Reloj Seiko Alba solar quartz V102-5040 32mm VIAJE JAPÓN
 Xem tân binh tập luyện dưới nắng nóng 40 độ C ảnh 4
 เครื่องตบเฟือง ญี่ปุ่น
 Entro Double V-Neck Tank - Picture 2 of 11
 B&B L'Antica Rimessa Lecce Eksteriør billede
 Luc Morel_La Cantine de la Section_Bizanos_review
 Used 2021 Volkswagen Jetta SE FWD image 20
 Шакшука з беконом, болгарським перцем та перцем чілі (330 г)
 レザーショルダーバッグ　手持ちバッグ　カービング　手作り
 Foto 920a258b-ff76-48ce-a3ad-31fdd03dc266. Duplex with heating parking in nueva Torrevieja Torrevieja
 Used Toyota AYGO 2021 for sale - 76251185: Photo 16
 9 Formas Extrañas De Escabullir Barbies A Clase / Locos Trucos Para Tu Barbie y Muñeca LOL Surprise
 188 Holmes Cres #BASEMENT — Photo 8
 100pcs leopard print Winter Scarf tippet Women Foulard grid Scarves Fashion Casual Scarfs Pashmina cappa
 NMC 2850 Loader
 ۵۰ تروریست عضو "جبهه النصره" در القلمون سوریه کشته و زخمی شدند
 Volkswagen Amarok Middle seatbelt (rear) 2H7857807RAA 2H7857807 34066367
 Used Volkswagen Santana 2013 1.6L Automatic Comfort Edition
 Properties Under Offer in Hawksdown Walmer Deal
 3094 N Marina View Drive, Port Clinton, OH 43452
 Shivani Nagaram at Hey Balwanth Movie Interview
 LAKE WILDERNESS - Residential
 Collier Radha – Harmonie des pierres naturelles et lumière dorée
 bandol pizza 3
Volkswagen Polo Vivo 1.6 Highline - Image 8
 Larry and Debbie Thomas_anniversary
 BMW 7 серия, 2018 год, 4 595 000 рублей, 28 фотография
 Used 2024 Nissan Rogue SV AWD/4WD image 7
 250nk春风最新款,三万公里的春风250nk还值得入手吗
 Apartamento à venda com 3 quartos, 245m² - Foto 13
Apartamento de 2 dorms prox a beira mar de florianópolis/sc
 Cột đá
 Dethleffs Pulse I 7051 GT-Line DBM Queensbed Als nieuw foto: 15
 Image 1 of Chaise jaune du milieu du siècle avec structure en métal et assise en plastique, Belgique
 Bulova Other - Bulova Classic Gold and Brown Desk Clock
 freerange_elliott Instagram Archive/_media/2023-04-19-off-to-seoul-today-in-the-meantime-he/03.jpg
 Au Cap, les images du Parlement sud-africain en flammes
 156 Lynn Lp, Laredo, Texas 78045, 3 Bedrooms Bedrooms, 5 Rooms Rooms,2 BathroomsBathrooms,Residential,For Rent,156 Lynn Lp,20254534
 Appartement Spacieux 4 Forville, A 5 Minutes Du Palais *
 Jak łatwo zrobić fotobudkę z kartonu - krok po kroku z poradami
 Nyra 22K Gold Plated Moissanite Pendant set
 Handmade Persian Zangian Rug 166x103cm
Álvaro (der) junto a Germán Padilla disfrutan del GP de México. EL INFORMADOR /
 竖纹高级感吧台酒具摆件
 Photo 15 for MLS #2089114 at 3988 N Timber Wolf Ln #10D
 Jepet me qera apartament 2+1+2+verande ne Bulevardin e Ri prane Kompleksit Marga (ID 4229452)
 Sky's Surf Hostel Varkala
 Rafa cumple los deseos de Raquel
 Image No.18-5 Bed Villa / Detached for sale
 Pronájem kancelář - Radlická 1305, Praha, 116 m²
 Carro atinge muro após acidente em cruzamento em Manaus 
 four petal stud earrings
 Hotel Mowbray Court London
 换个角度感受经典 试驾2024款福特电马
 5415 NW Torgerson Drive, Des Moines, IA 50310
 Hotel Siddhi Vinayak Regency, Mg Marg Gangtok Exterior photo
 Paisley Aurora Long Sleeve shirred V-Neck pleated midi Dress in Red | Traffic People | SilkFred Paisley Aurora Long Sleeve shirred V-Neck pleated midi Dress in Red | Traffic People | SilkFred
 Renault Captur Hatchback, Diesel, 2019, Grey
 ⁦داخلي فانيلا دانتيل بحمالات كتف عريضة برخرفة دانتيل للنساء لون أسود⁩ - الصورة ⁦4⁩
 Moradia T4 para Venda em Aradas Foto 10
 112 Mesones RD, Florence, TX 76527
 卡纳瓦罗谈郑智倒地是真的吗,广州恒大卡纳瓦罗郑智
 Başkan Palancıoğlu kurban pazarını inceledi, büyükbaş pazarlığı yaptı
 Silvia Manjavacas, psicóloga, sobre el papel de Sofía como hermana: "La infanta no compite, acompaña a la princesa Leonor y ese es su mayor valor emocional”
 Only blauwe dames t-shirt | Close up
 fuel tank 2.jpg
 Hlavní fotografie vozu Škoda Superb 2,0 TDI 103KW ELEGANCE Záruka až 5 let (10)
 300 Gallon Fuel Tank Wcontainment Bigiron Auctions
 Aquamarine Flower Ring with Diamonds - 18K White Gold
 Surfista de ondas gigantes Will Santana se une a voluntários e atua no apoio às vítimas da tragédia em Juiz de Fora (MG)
###
* [EXERCISE AIM] What is needed is a verbatim copy of every line in the records above from the one containing "Volkswagen Amarok Middle" down to the one containing "Rafa cumple los deseos de Raquel", both included, and nothing more.

* [TASK ANSWER]
 Volkswagen Amarok Middle seatbelt (rear) 2H7857807RAA 2H7857807 34066367
 Used Volkswagen Santana 2013 1.6L Automatic Comfort Edition
 Properties Under Offer in Hawksdown Walmer Deal
 3094 N Marina View Drive, Port Clinton, OH 43452
 Shivani Nagaram at Hey Balwanth Movie Interview
 LAKE WILDERNESS - Residential
 Collier Radha – Harmonie des pierres naturelles et lumière dorée
 bandol pizza 3
Volkswagen Polo Vivo 1.6 Highline - Image 8
 Larry and Debbie Thomas_anniversary
 BMW 7 серия, 2018 год, 4 595 000 рублей, 28 фотография
 Used 2024 Nissan Rogue SV AWD/4WD image 7
 250nk春风最新款,三万公里的春风250nk还值得入手吗
 Apartamento à venda com 3 quartos, 245m² - Foto 13
Apartamento de 2 dorms prox a beira mar de florianópolis/sc
 Cột đá
 Dethleffs Pulse I 7051 GT-Line DBM Queensbed Als nieuw foto: 15
 Image 1 of Chaise jaune du milieu du siècle avec structure en métal et assise en plastique, Belgique
 Bulova Other - Bulova Classic Gold and Brown Desk Clock
 freerange_elliott Instagram Archive/_media/2023-04-19-off-to-seoul-today-in-the-meantime-he/03.jpg
 Au Cap, les images du Parlement sud-africain en flammes
 156 Lynn Lp, Laredo, Texas 78045, 3 Bedrooms Bedrooms, 5 Rooms Rooms,2 BathroomsBathrooms,Residential,For Rent,156 Lynn Lp,20254534
 Appartement Spacieux 4 Forville, A 5 Minutes Du Palais *
 Jak łatwo zrobić fotobudkę z kartonu - krok po kroku z poradami
 Nyra 22K Gold Plated Moissanite Pendant set
 Handmade Persian Zangian Rug 166x103cm
Álvaro (der) junto a Germán Padilla disfrutan del GP de México. EL INFORMADOR /
 竖纹高级感吧台酒具摆件
 Photo 15 for MLS #2089114 at 3988 N Timber Wolf Ln #10D
 Jepet me qera apartament 2+1+2+verande ne Bulevardin e Ri prane Kompleksit Marga (ID 4229452)
 Sky's Surf Hostel Varkala
 Rafa cumple los deseos de Raquel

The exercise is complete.